Il Curato d'Ars, nelle interminabili sedute al confessionale, compì un lavoro che regolarmente avrebbe estenuato almeno sei confessori. Appare come un evento miracoloso come abbia potuto sopportare tanta fatica, addirittura affetto da infermità con uno stile di vita così austera.
D'estate, nella sua piccola chiesa, il caldo diventava così soffocante, che secondo una sua affermazione, gli dava un'idea delle pene dell'inferno. Era tormentato dall'emicrania e quando nei giorni di afa opprimente l'aria della piccola navata diventava quasi irrespirabile, provocava all'eroico confessore una vera nausea. Non andava meglio d'inverno, quando la temperatura scendeva e il gelo arrivava con il vento di tramontana, tanto che qualche volta il Santo perdette i sensi.
Per il Curato d'Ars una buona confessione deve essere umile e totale. Bisogna evitare tutte quelle accuse inutili, tutti quegli scrupoli che fanno dire cento volte la stessa cosa. Confessioni e parole brevi. Eppure non c'era uno solo dei penitenti che non si sentisse fatto oggetto di una sollecitudine particolare, di una dedizione sempre pronta ad approfittare di ogni minimale apertura all'azione dello Spirito, anche quella dei cuori più induriti. A proposito della riparazione da richiedere ai penitenti, diceva: Io do loro una piccola penitenza, ed io faccio il resto al posto loro. La cosa che conta, dice il Curato, è avere almeno un minimo di contrizione dei propri peccati.

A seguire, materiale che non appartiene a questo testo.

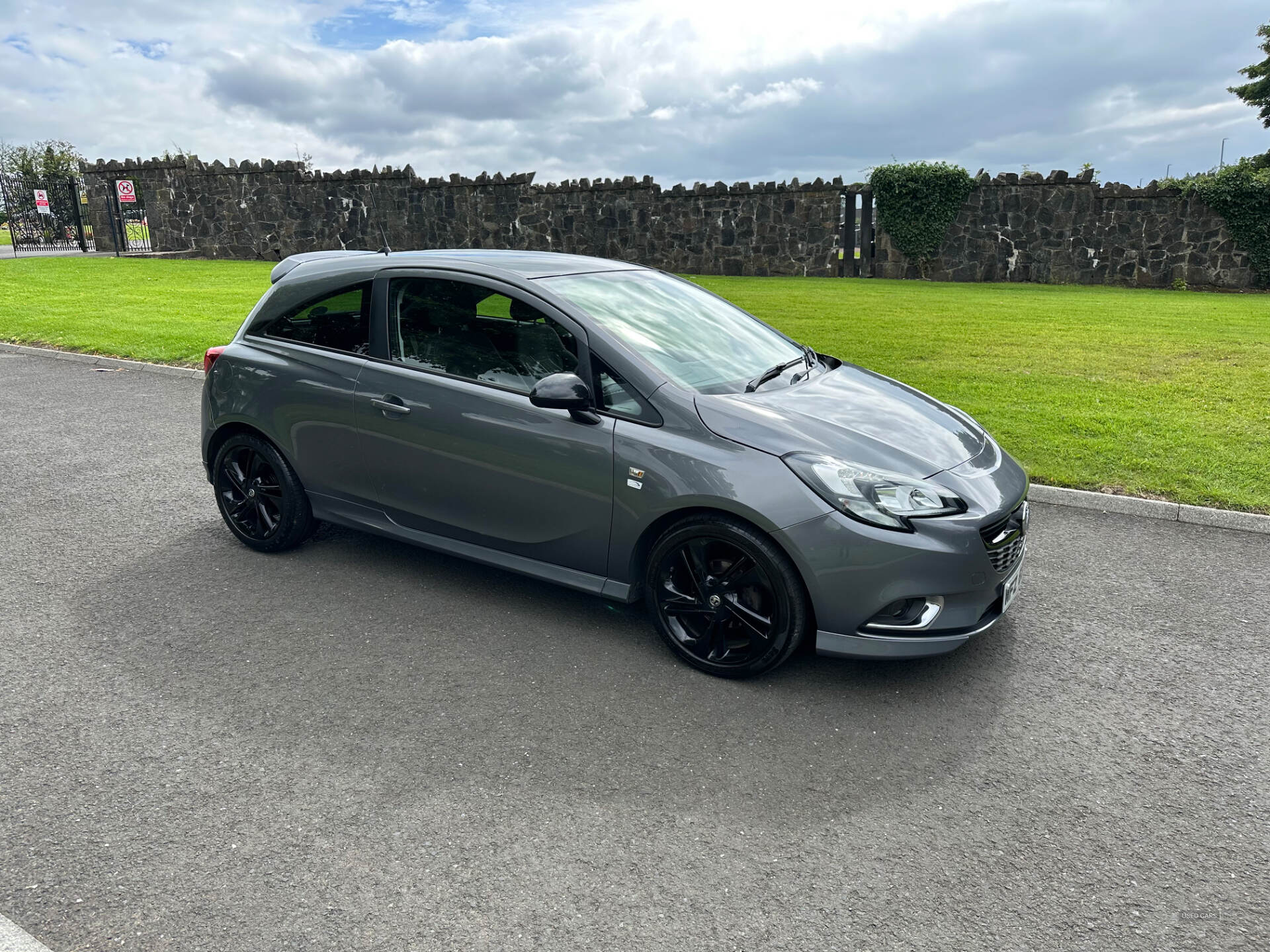 Vauxhall Corsa HATCHBACK SPECIAL EDS in Antrim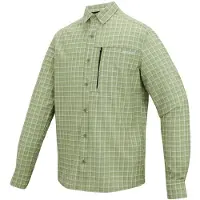 Regatta Langarmige Insectenwerende Shirt Travel Light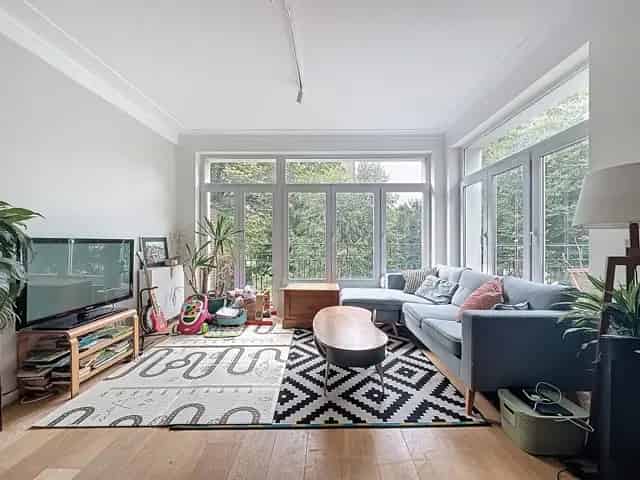 Penthouse te huur Ixelles Roosevelt Bois de la Cambre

"Ragazzi miei, non si può comprendere la bontà che ha avuto Dio per istituire questo grande sacramento. Se noi avessimo avuto una grazia da domandare a Nostro Signore, non avremmo mai immaginato di domandargli quella là. Lui ha previsto la nostra fragilità e la nostra incostanza nel bene, e il suo amore l'ha portato a fare ciò che noi non avremmo mai osato domandargli", scrive il Curato.
Per questo il tesoro della misericordia divina è inesauribile, e nessuno può pensare di mettere in conto i doni della grazia. "La sua pazienza ci aspetta", rassicura il Curato. Di più: "Non è il peccatore che torna a Dio per chiedergli perdono, ma è Dio che corre dietro al peccatore e lo fa ritornare a Lui".